Start of Block
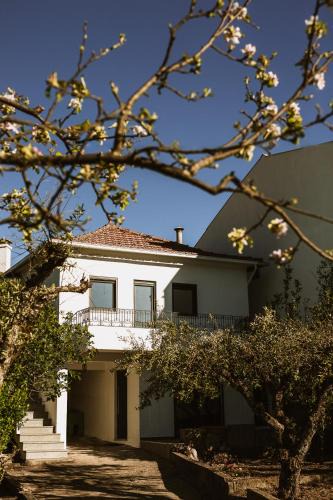 Gouveia House | Red Fox Lodge Serra da Estrela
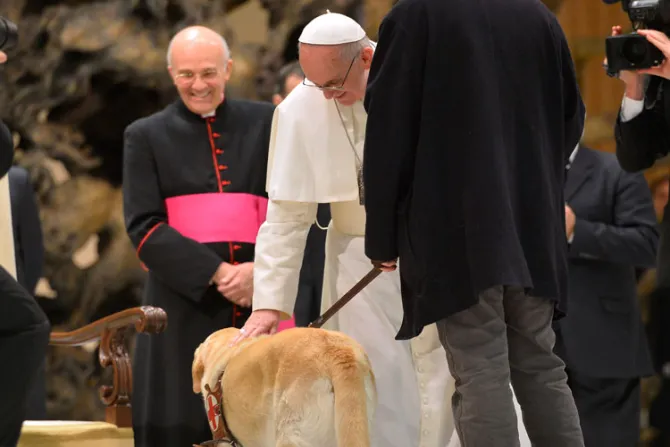 ¿Qué dijo el Papa Francisco sobre las mascotas?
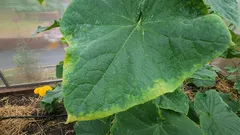 Nota para todos os jardineiros: o que fazer imediatamente se notar que as folhas dos pepinos estão a amarelecer nas bordas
End of Block
## TASK PROMPT
Reproduce the listing above exactly, without a single picture.

## TASK RESULT
 Gouveia House | Red Fox Lodge Serra da Estrela
 ¿Qué dijo el Papa Francisco sobre las mascotas?
 Nota para todos os jardineiros: o que fazer imediatamente se notar que as folhas dos pepinos estão a amarelecer nas bordas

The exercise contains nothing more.